### Data
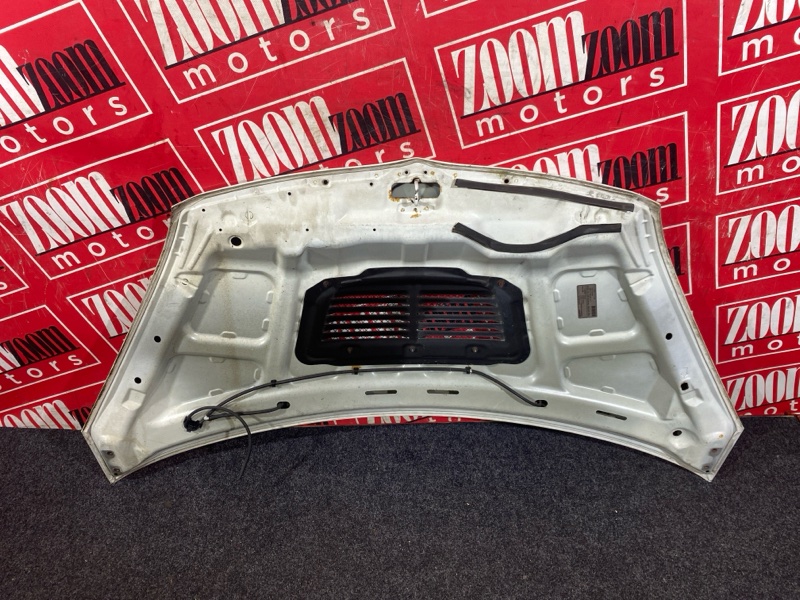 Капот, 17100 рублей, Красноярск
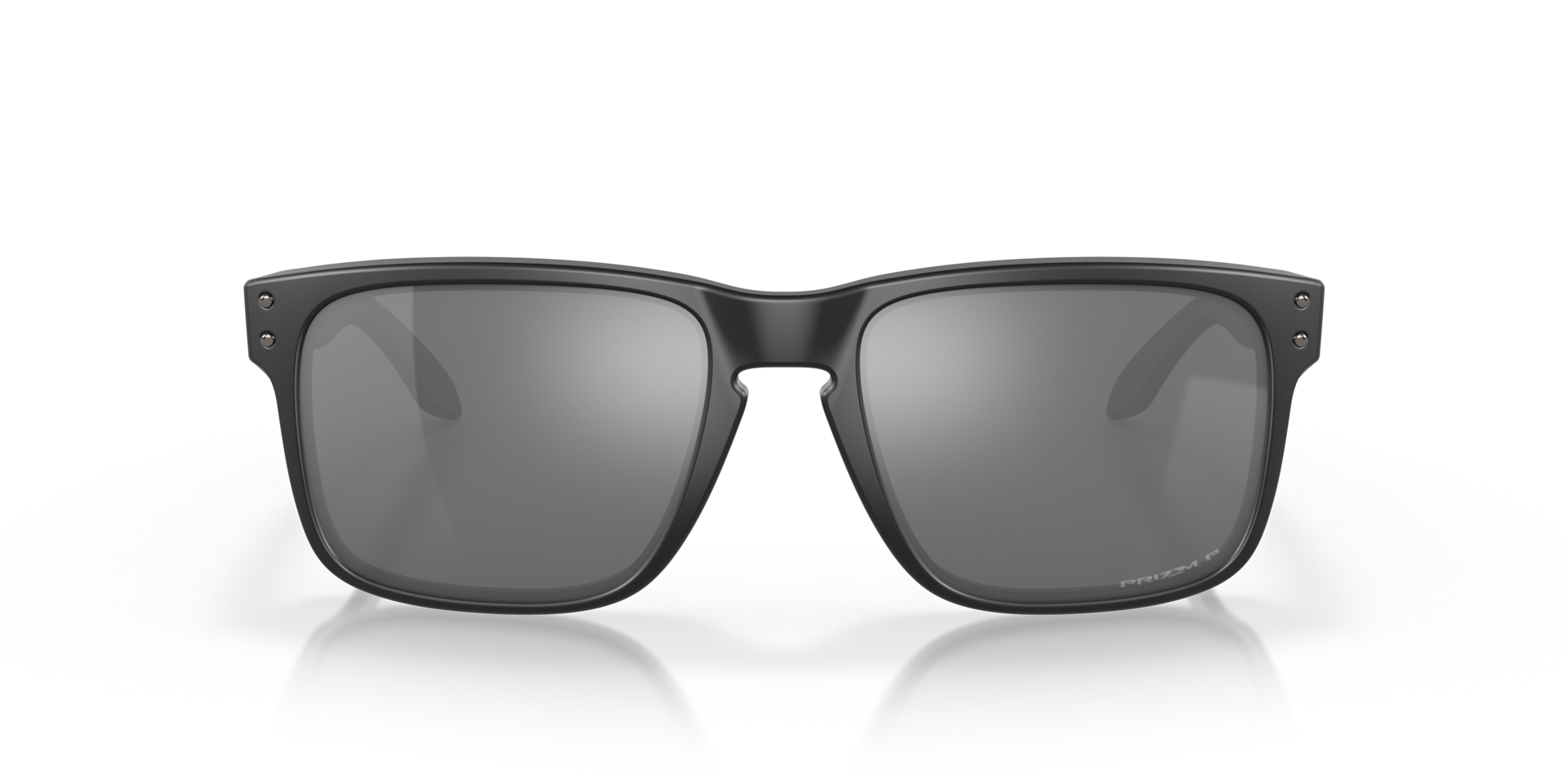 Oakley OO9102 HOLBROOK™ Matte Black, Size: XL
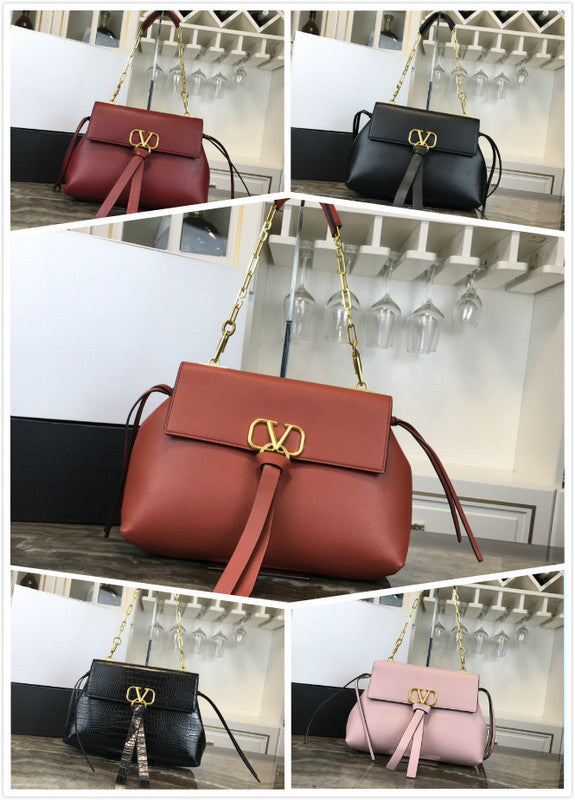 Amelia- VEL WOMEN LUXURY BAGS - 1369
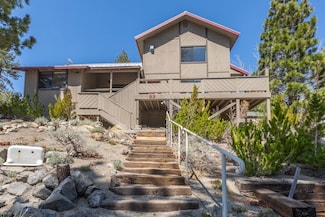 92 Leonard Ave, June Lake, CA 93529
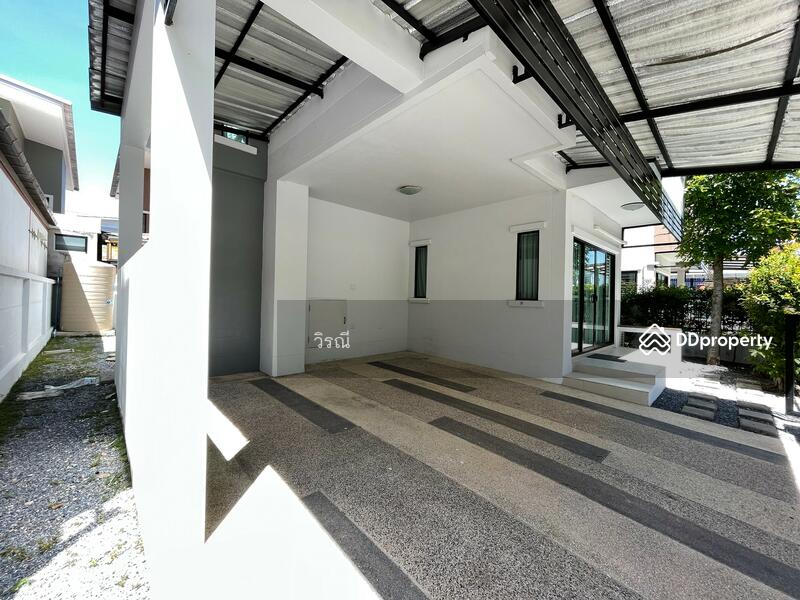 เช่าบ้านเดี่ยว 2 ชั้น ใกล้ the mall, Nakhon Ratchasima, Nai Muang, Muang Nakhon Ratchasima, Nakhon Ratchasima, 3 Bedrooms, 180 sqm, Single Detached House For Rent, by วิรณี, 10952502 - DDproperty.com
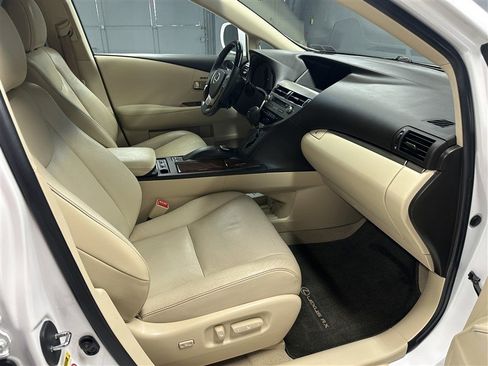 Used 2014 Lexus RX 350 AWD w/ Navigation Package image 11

### Exercise aim
Write out each line again, exactly as it appears above, except for any picture.

### Task solution
 Капот, 17100 рублей, Красноярск
 Oakley OO9102 HOLBROOK™ Matte Black, Size: XL
 Amelia- VEL WOMEN LUXURY BAGS - 1369
 92 Leonard Ave, June Lake, CA 93529
 เช่าบ้านเดี่ยว 2 ชั้น ใกล้ the mall, Nakhon Ratchasima, Nai Muang, Muang Nakhon Ratchasima, Nakhon Ratchasima, 3 Bedrooms, 180 sqm, Single Detached House For Rent, by วิรณี, 10952502 - DDproperty.com
 Used 2014 Lexus RX 350 AWD w/ Navigation Package image 11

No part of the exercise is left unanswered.